Finetuning example - Githubissues

IntelLabs / fastRAG

Efficient Retrieval Augmentation and Generation Framework

Apache License 2.0

1.29k stars 116 forks source link

Finetuning example #21

Closed karrtikiyer-tw closed 9 months ago

karrtikiyer-tw commented 1 year ago

it would be greatly beneficial if there is an example to demonstrate how to use the fine tuning script with a custom proprietary data set. Thanks in advance.

karrtikiyer-tw commented 1 year ago

I see the command to fine tune in the MODELS.MD FID section, however it would be great if an example is shown with a custom dataset, addressing the number of examples needed to train etc...

karrtikiyer-tw commented 1 year ago

@peteriz , @mosheber , @danielfleischer : Can anyone help or advise here?

mosheber commented 1 year ago

Hi @karrtikiyer-tw ! Thank you for bringing this up.

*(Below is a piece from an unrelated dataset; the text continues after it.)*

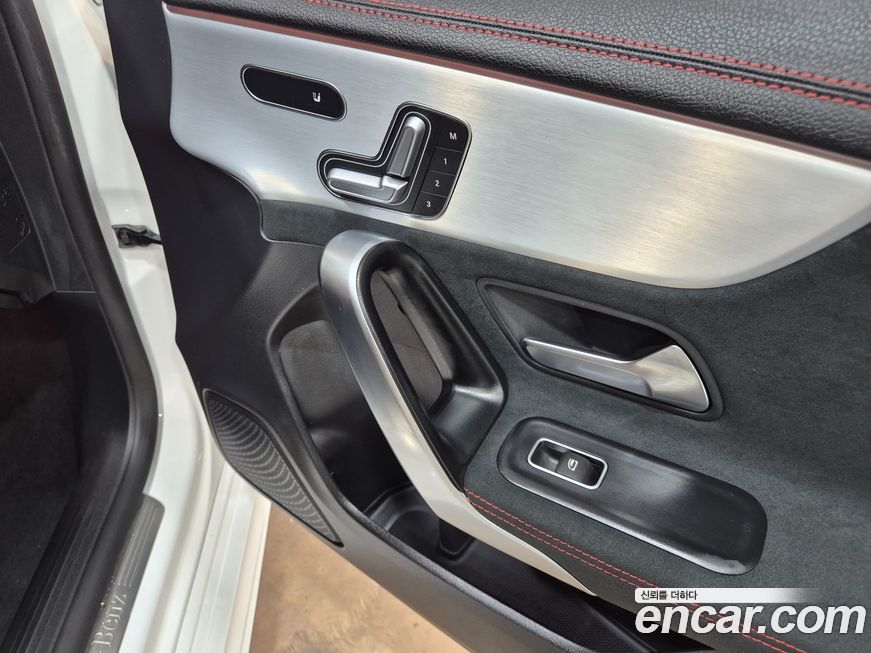 Mercedes-Benz CLA-Class 2023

We have added to the description written in the models.md file, regarding the data format:

{
  "id": 0,
  "question": "The question for the current example",
  "target": "Target answer",
  "answers": ["Target answer", "Possible answer #1", "Possible answer #2"],
  "ctxs": [
            {
                "title": "Title of passage #1",
                "text": "Context of passage #1"
            },
            {
                "title": "Title of passage #2",
                "text": "Context of passage #2"
            },
            ...
          ]
}

Thus, any dataset containing a triplet of (question, answers, passages) can be used.

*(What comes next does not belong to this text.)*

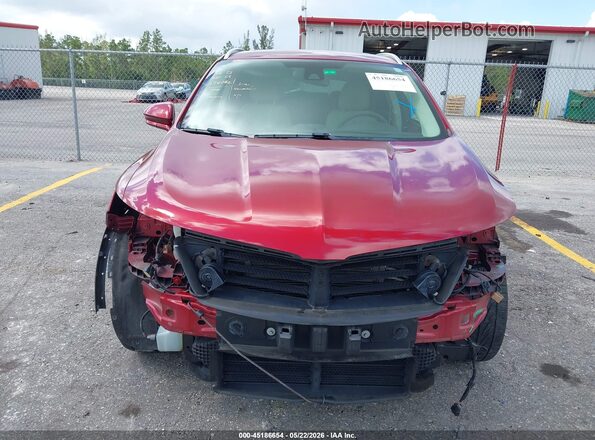 5LMCJ3C97JUL17752 2018 LINCOLN MKC Red Widok wnętrza z tyłu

karrtikiyer-tw commented 1 year ago

Thanks @mosheber , can you also advise on the volume of data typically needed for fine tuning to yield some decent results?

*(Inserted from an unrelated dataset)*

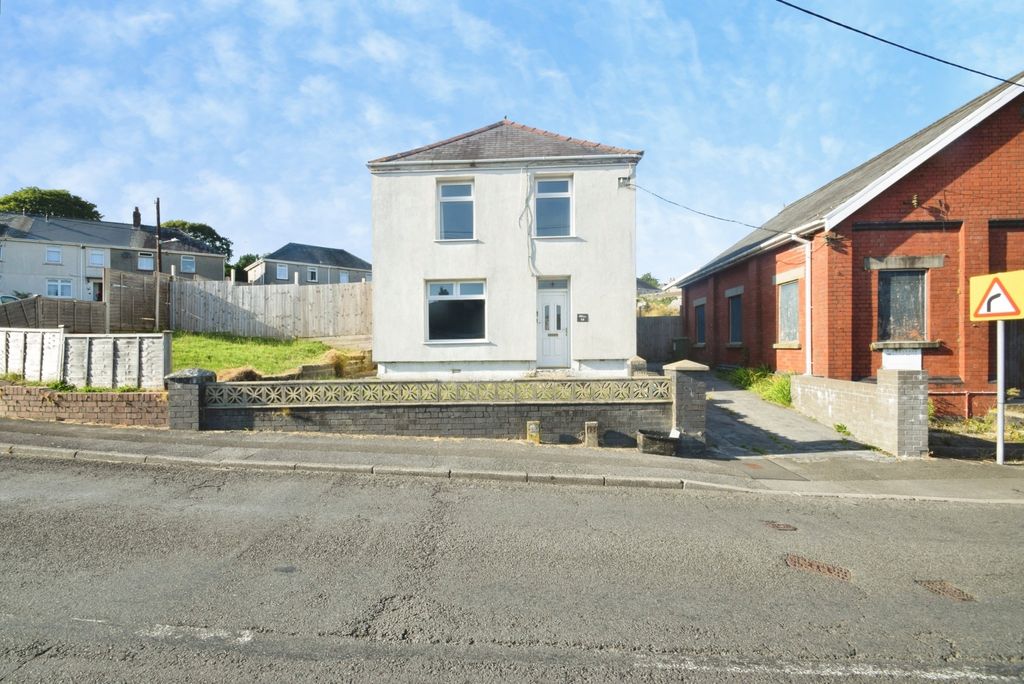 Property photo 1 of 20 Front View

mosheber commented 1 year ago

@karrtikiyer-tw the size of the training dataset for NQ in the original repository is about 79k examples. Other versions of this dataset and its equivalents (such as TriviaQA), are of a similar size. This is for short answers, however, mainly concerning answers such as entities, dates, and others. For long answers, such as ELI5, they have about 270k examples, which is significantly more.